Orfano di mio figlio

(Francesco Fontana)

 

 

 

 

 

 

 

 

Il 15 gennaio 1996 moriva, in un tragico incidente stradale, Roberto Fontana.  Roberto era giovane, viveva il primo periodo di una gratificante esperienza professionale, che lo appagava.

Sette anni dopo quel tragico evento, Francesco Fontana, il padre, stimatissimo dirigente scolastico, ha fatto forza al suo dolore e ha cercato di proporre la figura del figlio nella logica di un richiamo forte ad una diversa concezione dello stare sulle strade e dell’educazione stradale. Ne è uscito un libro che è straordinaria testimonianza.

I proventi della vendita del libro sono devoluti alla costruzione degli impianti sportivi della trevigiana parrocchia di san Lazzaro.

Per informazioni: francofonte@inwind.it

 

 

Questo libro provoca già dal titolo. 

La condizione di un padre orfano del proprio figlio sta ad indicare un rovesciamento dell’ordine naturale delle cose, un sovvertimento delle regole più profondamente incise nelle coscienze individuali, il segno di una distruzione, la prova tangibile di una sacralità affettiva profanata.

Profanata da chi? Da un destino avverso? Da un gioco del caso che ti ferma a bere un caffè in autostrada e fa collimare il preciso istante del tuo transito col volo di una macchina impazzita? Dall’imperizia di un guidatore che trasforma di colpo un’automobile in un proiettile folle e va a troncare la vita di due ragazzi?

La scrittura è sempre un tentativo di decifrare l’indecifrabile, e pagine di assoluta verità come queste lo dimostrano in modo perentorio.

Francesco Fontana, parola dopo parola, si interroga. Si chiede perché si sopravviva ad un figlio, perché a due genitori sia inflitta questa terribile condanna, perché mai si spezzi un filo di affetto unico, si interrompa una continuità, cada il testimone che una generazione porge alla generazione successiva.

Domande legate al mistero ultimo dell’esistenza, e dunque destinate a rimanere senza risposta. Destinate magari ad una loro sublimazione.

Che però deve attraversare il calvario del dolore più profondo, la macerazione delle notti senza sonno, la sofferenza di chi condivideva l’amore per la persona: il dolore degli altri non consola, non divide il fardello, non attutisce. Semmai amplifica il proprio dolore.

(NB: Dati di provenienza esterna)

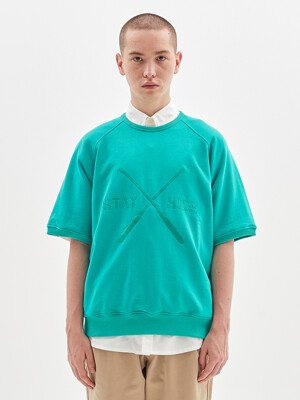PADDLE EMBROIDERED HALF CREW_GREEN
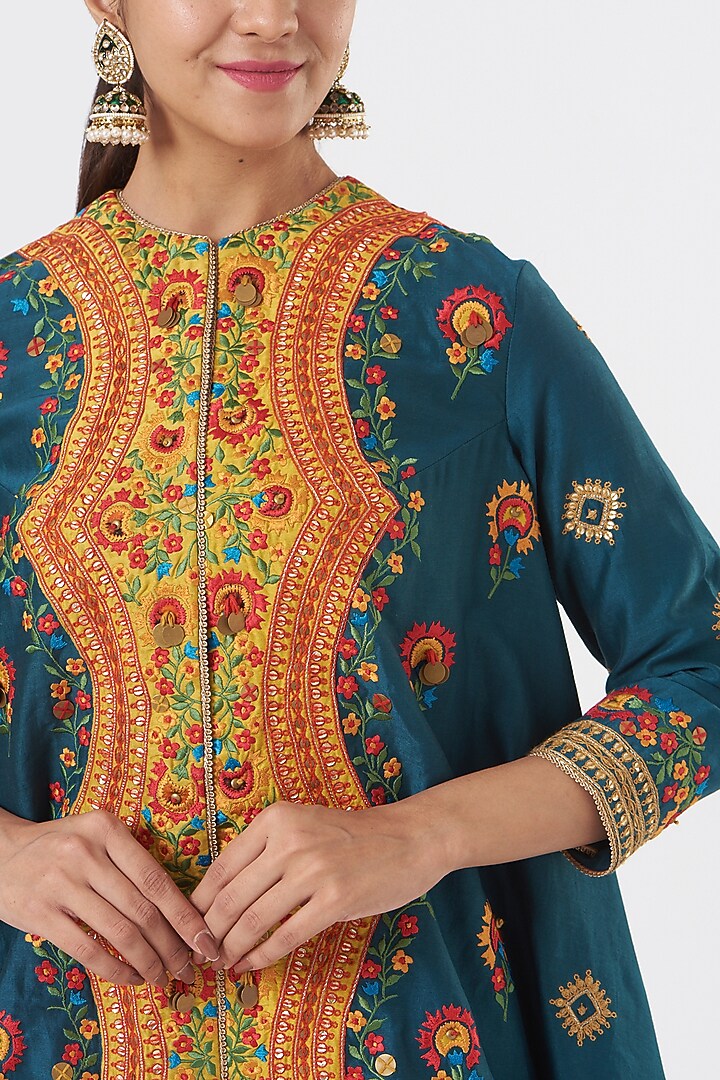 Blue Chanderi Jacket Set by Debyani at Pernia's Pop Up Shop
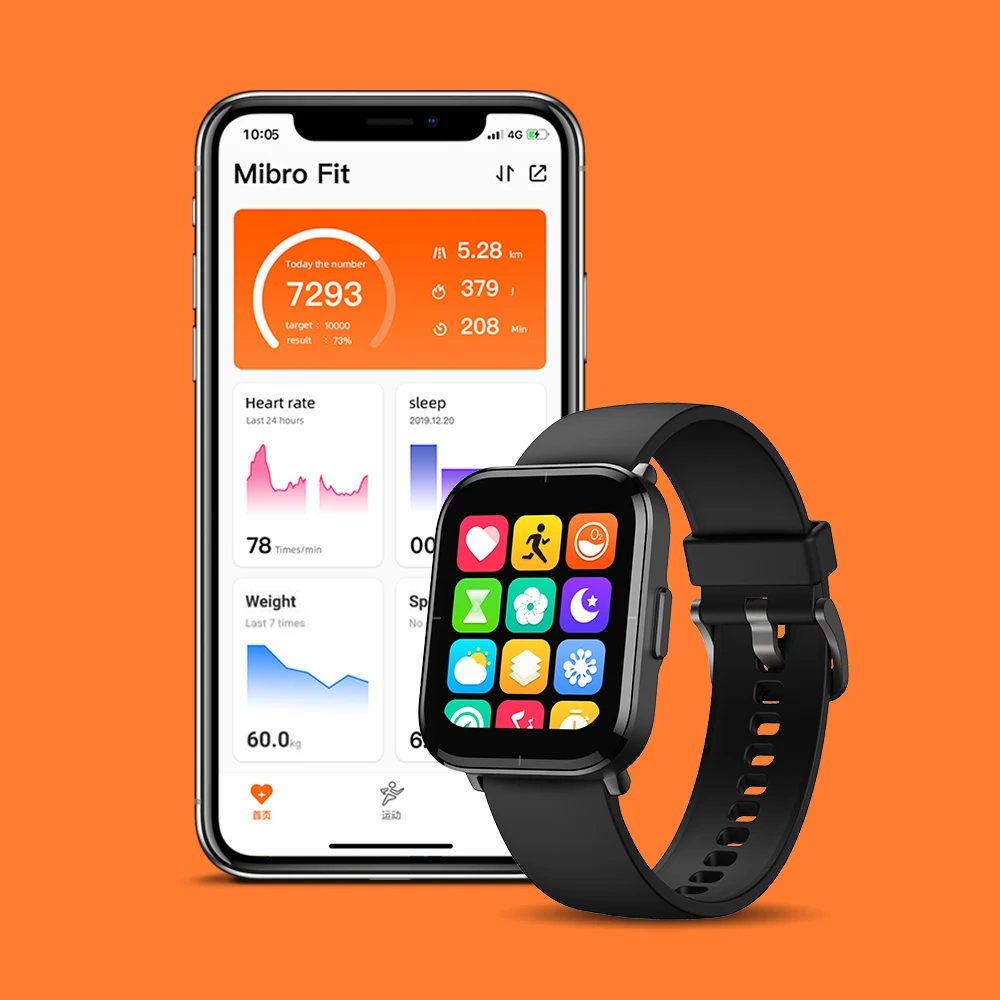 Mibro Color Smartwatch 5ATM Водонепроницаемый трекер сердечного ритма 270 мАч Батарея Смарт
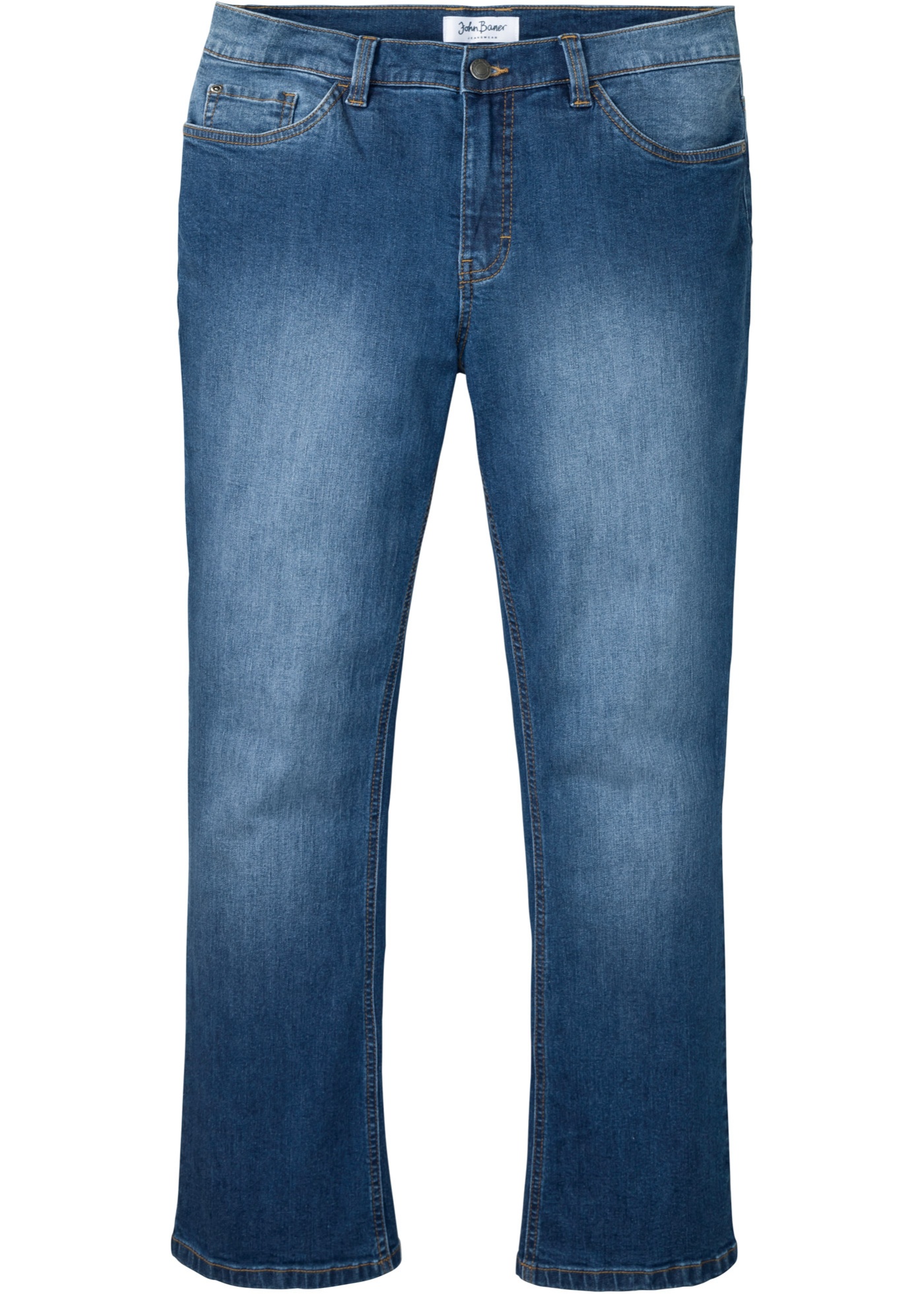 Regular fit stretch jeans met biologisch katoen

Ma sono sempre lì, le domande. Sono un fuoco che non si estingue, perennemente vivo. Se talora sembra dormire sotto la brace è perché si prepara ad un nuovo assalto, a divampare più terribile.

Bisogna accontentarsi allora di rispondere a domande più semplici.

Per esempio: perché si scrive? perché dopo anni trascorsi nel ricordo, dopo ore e giorni contati e numerati come gli infiniti e tutti uguali granelli di una clessidra, si decide di mettere sulla carta la memoria ancora viva e dolorante?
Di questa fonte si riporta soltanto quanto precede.